Our results show that more than 80% and 77% of patients with AS treated with TNFi had LDA or remission at 1 year after randomization to standard or reduced-dose schedules, respectively, in a pragmatic setting, with high external validity. Clear correlation has been reported in patients with AS between BASDAI, BASFI or ASDAS-CRP and disease activity, function and cost-effectiveness of treatments [28‐30]. Our study has shown similar results in both randomized arms for these variables. No differences were observed between the groups in the frequency of flares, and no substantial changes in the proportion of NSAID treatments were observed during follow up in either TNFi regimen. However, despite the overall small number of early study withdrawals due to poor disease control, these were numerically higher in the reduced-dose group. This observation has to be interpreted in the context of an open-label study, and considering which the clinical options were in the case of observing worse clinical scores: in the reduced-dose arm, the options included returning to full-dose schedule, while in the full-dose group the options were more aggressive, either dose intensification or switching.

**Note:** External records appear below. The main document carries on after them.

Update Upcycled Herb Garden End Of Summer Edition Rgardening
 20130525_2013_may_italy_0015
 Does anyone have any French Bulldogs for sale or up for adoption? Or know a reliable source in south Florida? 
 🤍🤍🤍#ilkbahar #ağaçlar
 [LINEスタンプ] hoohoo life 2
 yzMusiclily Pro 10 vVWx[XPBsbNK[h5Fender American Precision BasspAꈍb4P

Since there are no universally accepted criteria for remission in AS, we used strict criteria at baseline, and randomized only patients with persistent and maintained clinical remission during the last 6 months while on TNFi [31]. In the absence of an alternative internationally agreed consensus on thresholds for response and control at the time of the study design, we used the Spanish Society of Rheumatology definition for low disease activity [16]. The definition was reflective of a consensus on the clinical therapeutic goal of treatment requiring action if not met. The definition was well-known, widely accepted and applied in clinical practice by rheumatologists in Spain.
The standardized dose-reduction protocol included lengthening the dosing interval by 50% for all subcutaneous TNFi and reducing the infliximab dose from 5 to 3 mg/8 week, according to reported data [15]. This allowed a reduction in the heterogeneity of drug regimes, a limitation reported by other studies [27], although it did not allow evaluation of the potential benefit of additional patient-tailored dose reductions. Most patients were on etanercept and adalimumab, with < 20% of patients on infliximab, consistent with previous reports [12]. Randomization was stratified by drug to ensure comparability of groups; subgroup analysis based on stratification factors suggested that infliximab was associated with a higher risk of failure, although no interaction with the randomized strategy was observed, and thus the risk was similar regardless of whether doses were reduced or not. Considering that patients were not randomized to a given TNFi, but to the dosing strategy, this observation is of limited value for causality assessment, and indication bias cannot be discarded. Similarly, although observational data suggest that dose reduction may be easier with etanercept [14], we found no differences for this stratum.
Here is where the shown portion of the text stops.